A TV veteran of such hit shows as “Modern Family,” Winer struggles with his cast, allowing otherwise funny gags to consistently fall flat, eliciting, at best, okay performances in this comedy of noxious dead air.
If you haven’t seen the original, Arthur is a spoiled millionaire who has never bothered to grow up. He is cared for by his nanny, Hobson (Helen Mirren) because his mother, (Geraldine James) is too busy running a $900 million company to be a mother. Seeing him unfit to run such an enterprise, she presses him to marry her protégé, the scheming and ambitious Susan Johnson (Jennifer Garner), a more worthy successor.
Arthur falls head over heels for Naomi (Greta Gerwig), an eccentric girl from Queens who looks after her ailing father.

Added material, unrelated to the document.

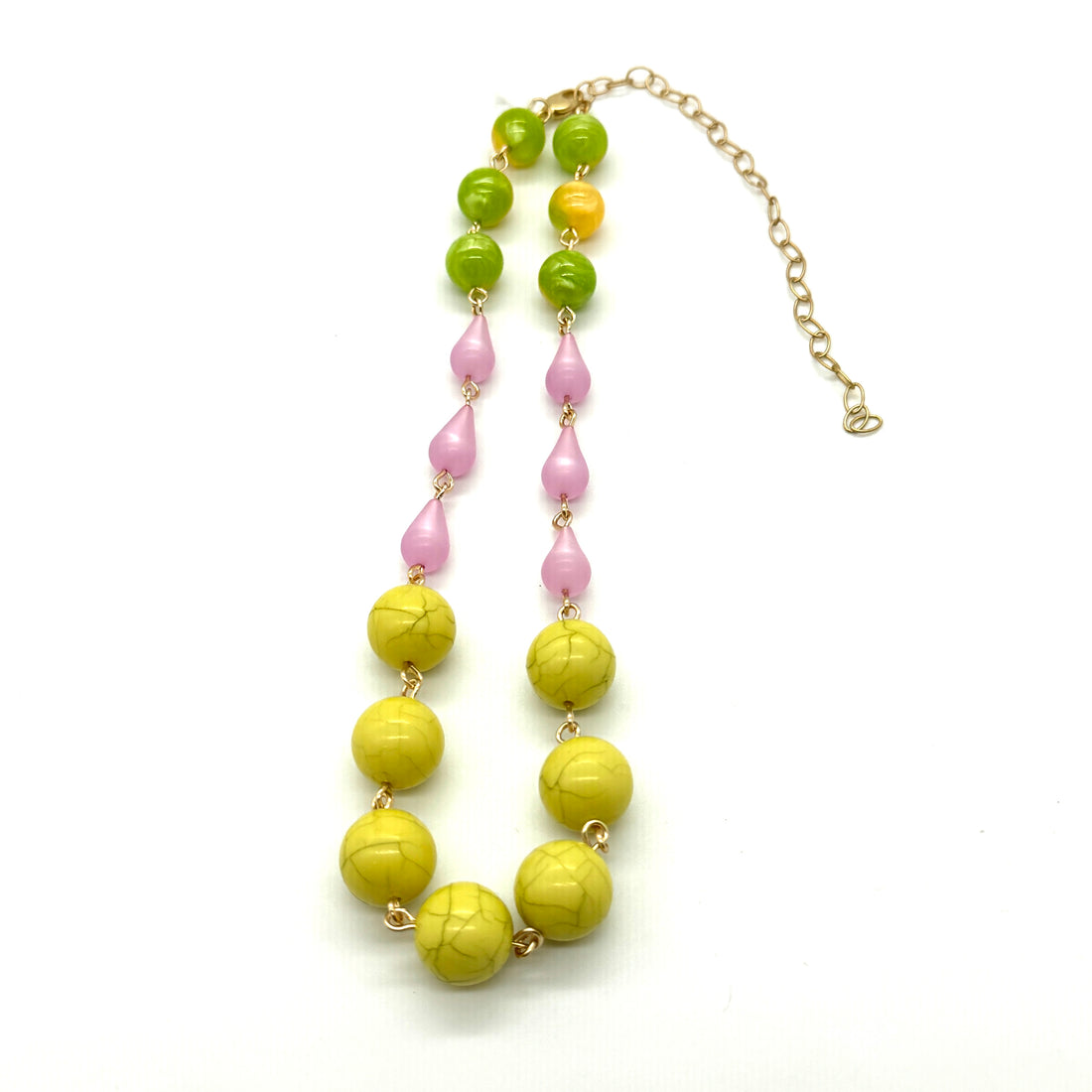 Yellow &amp; Pink Color Block Amelia Necklace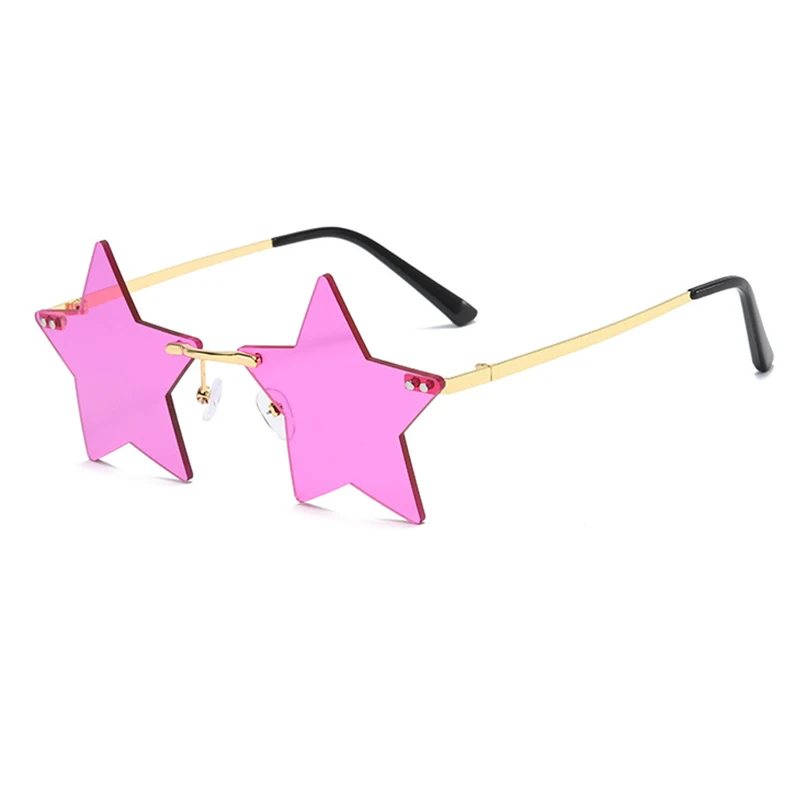 

Vintage Unique Star Shape Mirror Rimless Sunglasses Women Fashion Clear Lens Eyewear Men Trending Sun Glasses Shades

This, of course, throws a monkey wrench into Susan’s plan, so she tries to sabotage his relationship with Naomi.
Of course, from her point of view the marriage is only to gain control of the company, so if he agrees to marry her, why shouldn’t she let him see Naomi? Instead, Peter Baynham’s uninspired script has her responding jealously despite the fact she has no real romantic interest in Arthur. It leaves poor Jennifer Gardner without motivation and floundering through her scenes.

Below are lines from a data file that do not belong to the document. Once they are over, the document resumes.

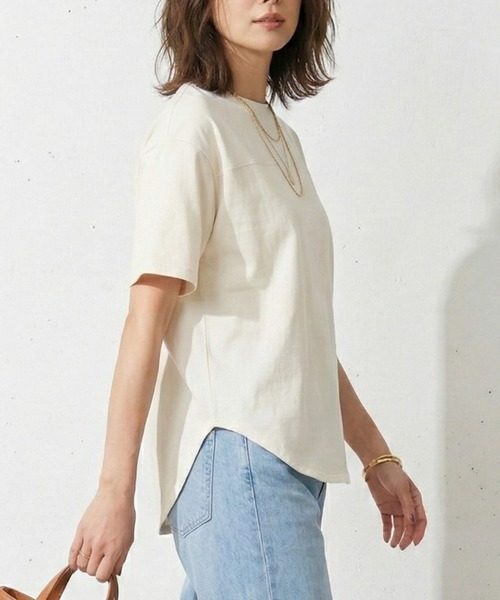 MULEXS(ミューレクス)の「シルケットコットン100% ラウンドヘム 半袖Tシャツ / レディース 無地 カットソー(Tシャツ/カットソー・レディース・ブラック/アイボリー/ライトピンク/ライトブルー・L/M)」の20枚目の写真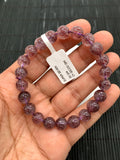 Super Seven Bracelet • 9 mm Size • Code S3 • 7.5 Inch Length • AAAA Quality • Natural Super Seven Round Bracelet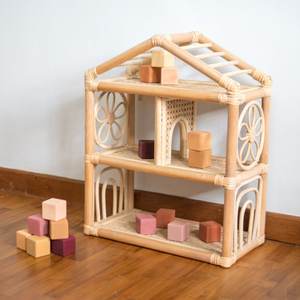 Casa de Muñecas de Ratán de Alta Calidad para Niñas, Casa de Muñecas en Miniatura Natural para Muñecas Infantiles - Product Image 3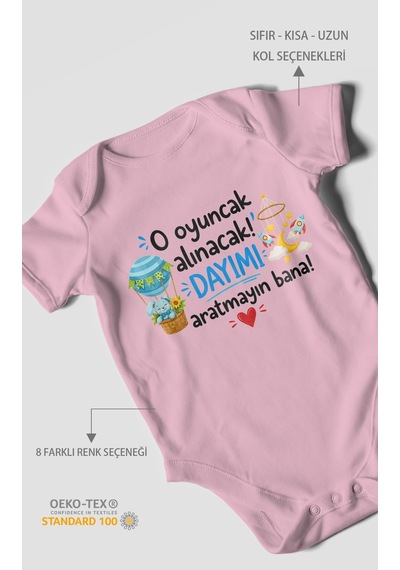 Morivokids Dayıya Özel Kısa Kollu Bebek Body %100 Pamuk Zbn262-kk Koyu Pembe
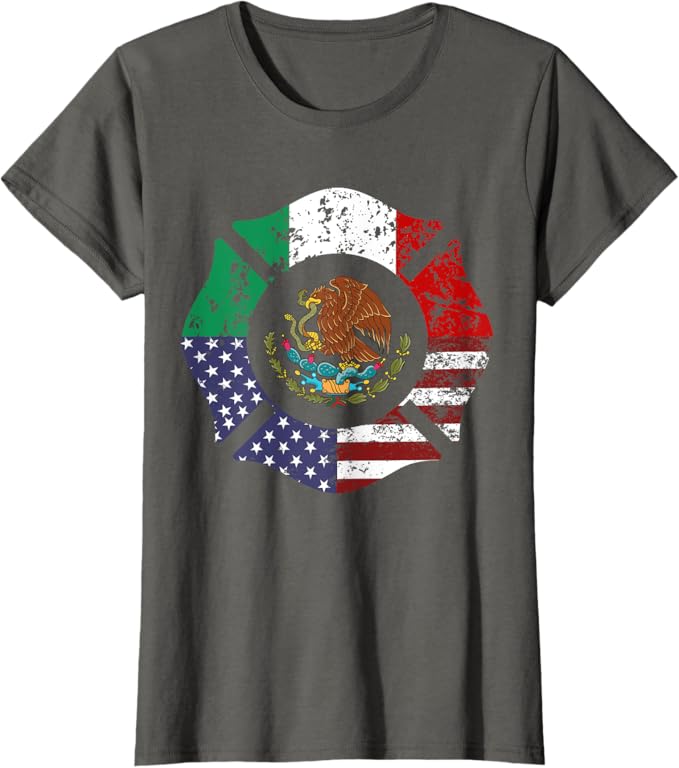 USA & Mexico Flag Women T-Shirt - American & Mexican Escudo Nacional Design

In a change from the original, Arthur must attend AA meetings before he can get his life on track. By making him seek help for his addiction, the movie swerves into territory that is almost impossible to play as funny.
The original “Arthur” was released in a time when public drunkenness wasn’t taboo, and the lovable drunk had been a comic staple for decades.
Today, public inebriation is generally deemed unacceptable and a drunken fool elicits concern more than laughter. In short, “Arthur” is a film out of step with the times.
Tone deaf as corporations tend to be, one has to wonder why Warner Bros. would consider the current recession a good time for a comedy about a zillionaire with a drinking problem. It is easy to see how Arthur, despite his issues, could inspire more resentment than amusement.
Helen Mirren is occasionally amusing, sending up English stodginess, and Greta Gerwig is sincere and affable as Naomi, but “Arthur” lives and dies by Russell Brand, who will hopefully get another shot as leading man under better circumstances.